Life Health & Wellbeing

Thursday 26 April 2018

Asthma sufferers urged to take extra caution as Storm Emma approaches Ireland

Stock photo
Stock photo
Independent.ie Newsdesk

Independent.ie Newsdesk

Asthmatics in Ireland are being urged to exercise caution with the incoming cold snap.

470,000 people in Ireland have asthma and the Asthma Society of Ireland is asking those to take additional precautions to ensure they remain safe as the country prepares for an unprecedented drop in temperature over the coming days.

Kevin Kelly, the advocacy and communications manager at the Asthma Society of Ireland said: “Fluctuating weather conditions, common colds, viral infections and flu can cause symptoms of asthma and can bring on an asthma attack, so it is important to use a reliever inhaler before going out on cold windy days and to wrap a scarf around your face to reduce the effect of the cold air.”

Additional advice includes wearing a scarf over your nose and mouth, and remaining warm and dry by wearing gloves, a scarf, a hat and carrying an umbrella; having your inhaler on you at all times and to continue taking prescribed medication.

The cold weather can bring on triggers for people with asthma, including chest infections.

Similarly, pharmacists are advising consumers to have an adequate supply of essential medication should pharmacies experience disruption with deliveries in the aftermath of Storm Emma.

Asthma nurse specialists are available to guide anyone affected on the society's advice line on 1800 44 54 64.

Daragh Connolly, President of the Irish Pharmacy Union (IPU) said: “The extremely cold weather and snow storms predicted for Ireland may make it difficult for people to visit their local community pharmacy.

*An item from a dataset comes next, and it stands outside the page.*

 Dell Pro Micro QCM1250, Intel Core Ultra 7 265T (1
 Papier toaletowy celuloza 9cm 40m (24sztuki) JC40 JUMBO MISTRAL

“While all pharmacies will try to remain open during the poor weather, there is a risk of disruption if individual pharmacies are forced to close. Similarly, disruption to supply could occur in localised areas, if road conditions are poor.

“Many of our patients rely on essential medication and repeat prescriptions become part of their regular routine. However, with the predicted disruption it may not be possible to access these medicines in the coming days. We are therefore urging everyone to ensure they have enough of their essential medication to last them until the beginning of next week.”

Mr Connolly also urged members of the public to check in with elderly family and neighbours to ensure they have their medication and to intervene by contacting their pharmacy if they need assistance.